TASK DIRECTIONS — Retype, word for word, the lines from the first line of the entries through the line that holds "Silikonový kryt na iPhone 15 Pro - Modrý 4"; leave out the pictures.

Stored data entries:

==================================================

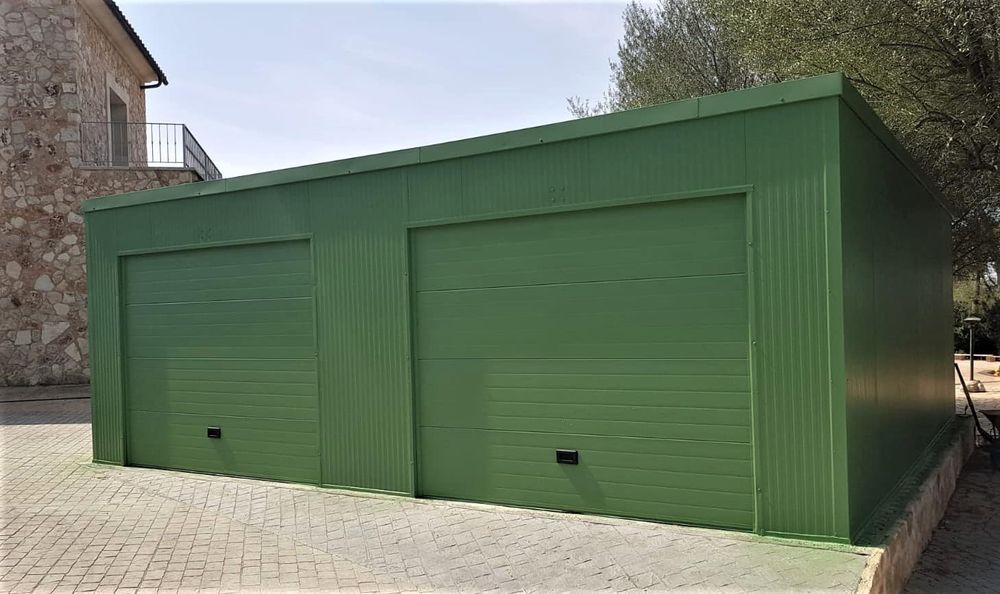 Garaje pe structura metalica din panouri sandwich 6 x 5m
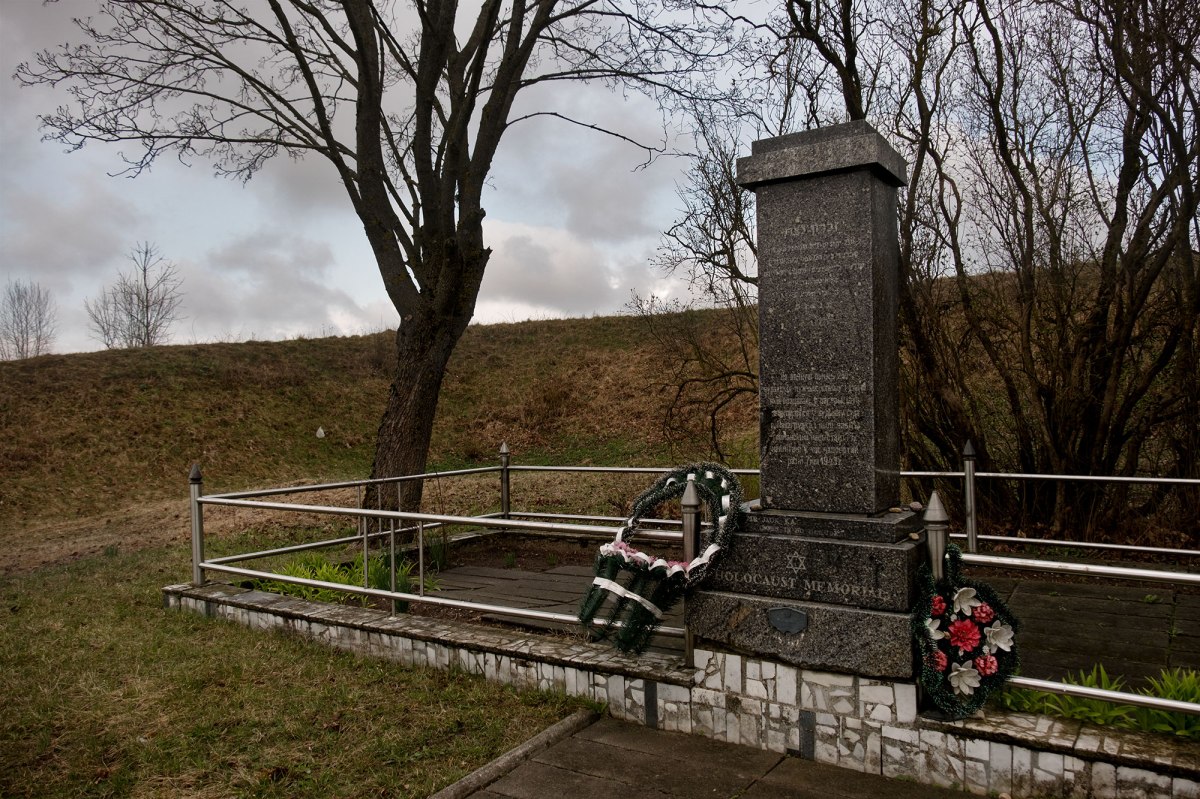 Navahrudak - mass killing site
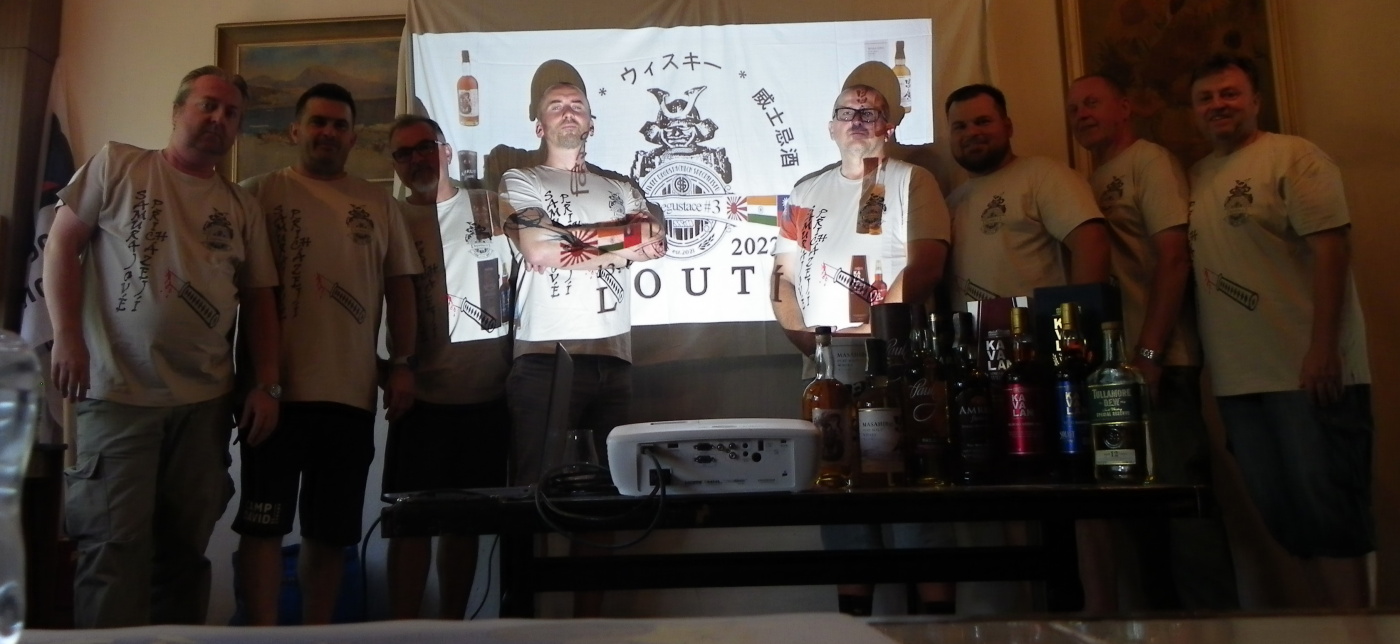 Degustace DDS # 3 - Samurajov pichzej - zijsk whisky
Lout - 13.8.2022
DDS SSaM (Divize degustanch specialist Spolku Sbratel alkoholickch Miniatur)
Fuyu Mizunara Finish - Masahiro pure malt - Paul John Brilliance - Amrut fusion - Kavalan Oloroso Sherry Oak - Kavalan Vinho Barrique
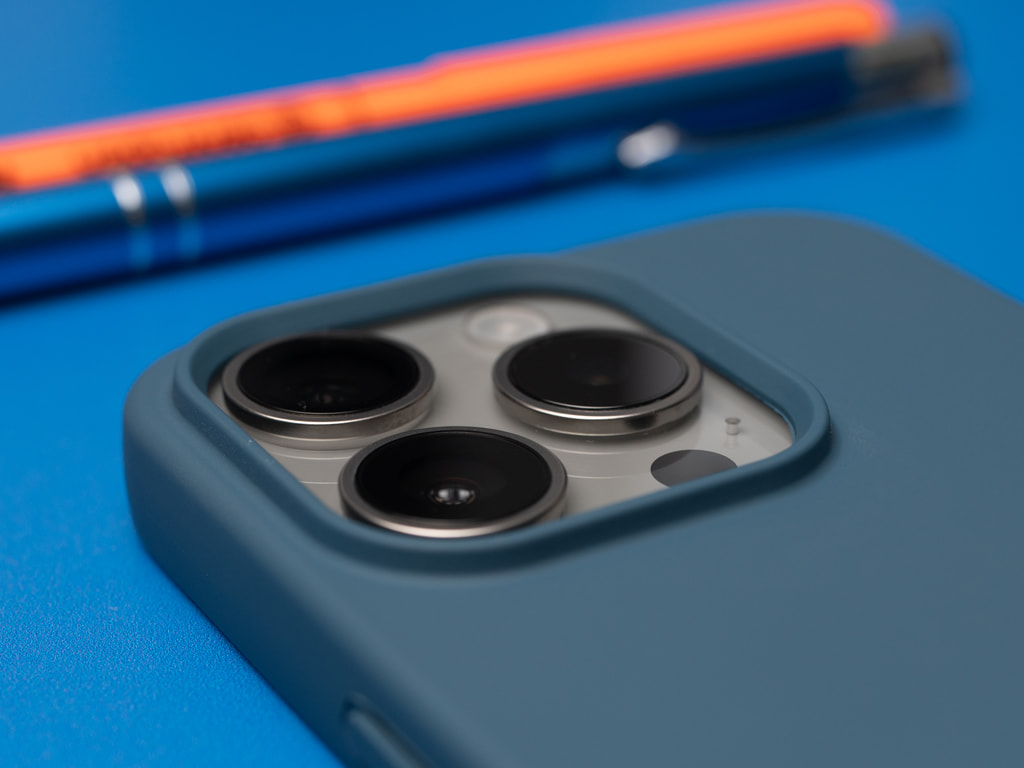 Silikonový kryt na iPhone 15 Pro - Modrý 4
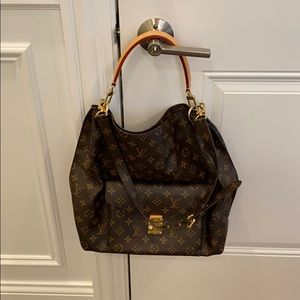 Louis Vuitton Handbag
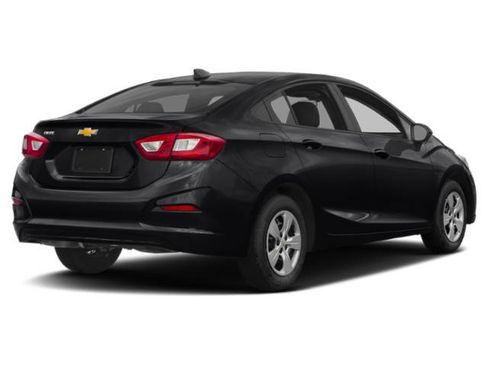 Used 2018 Chevrolet Cruze LS FWD image 3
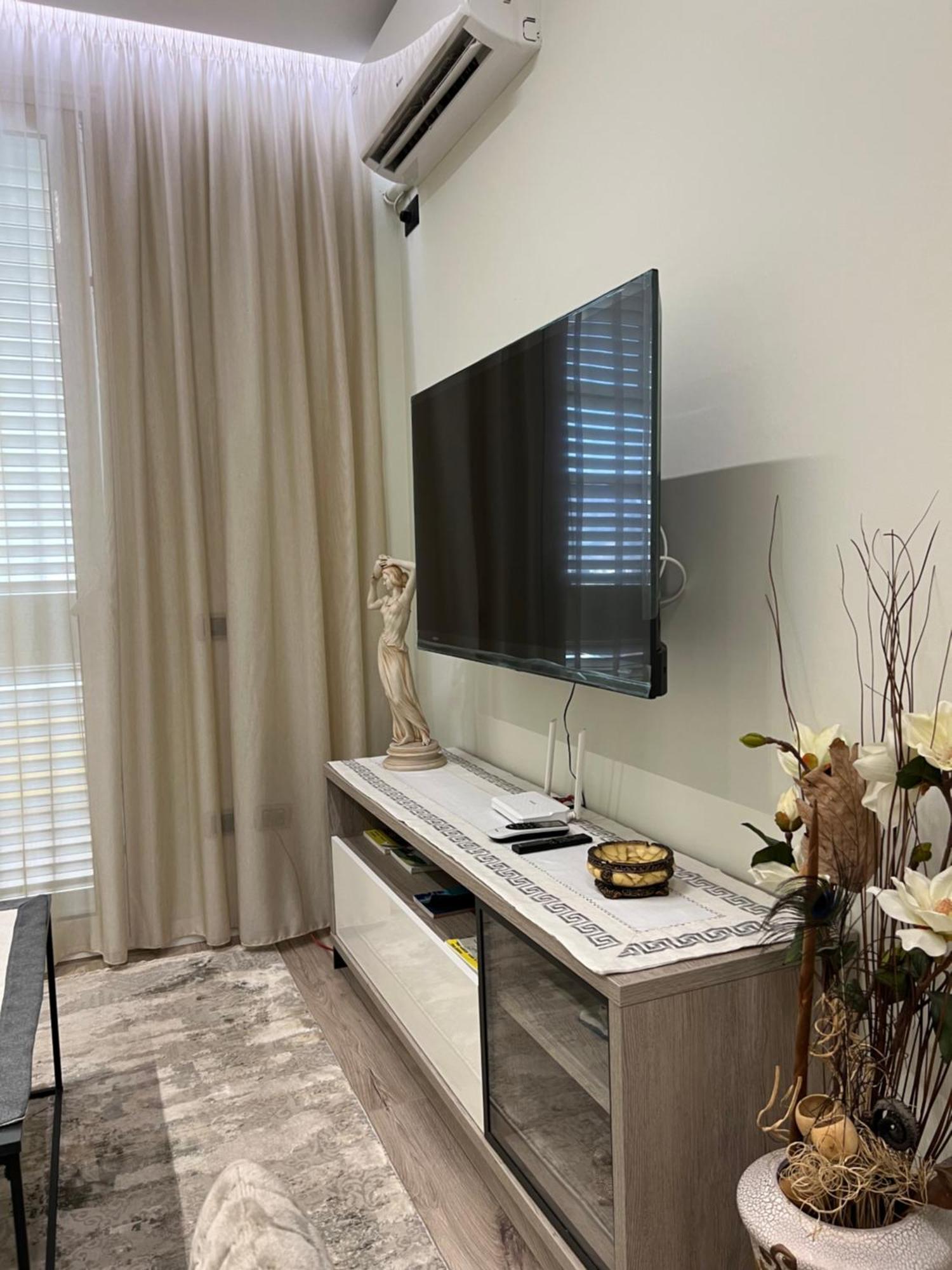 Center View Luxury Apartment Tirana Eksteriør billede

==================================================

RESPONSE —
 Garaje pe structura metalica din panouri sandwich 6 x 5m
 Navahrudak - mass killing site
 Degustace DDS # 3 - Samurajov pichzej - zijsk whisky
Lout - 13.8.2022
DDS SSaM (Divize degustanch specialist Spolku Sbratel alkoholickch Miniatur)
Fuyu Mizunara Finish - Masahiro pure malt - Paul John Brilliance - Amrut fusion - Kavalan Oloroso Sherry Oak - Kavalan Vinho Barrique
 Silikonový kryt na iPhone 15 Pro - Modrý 4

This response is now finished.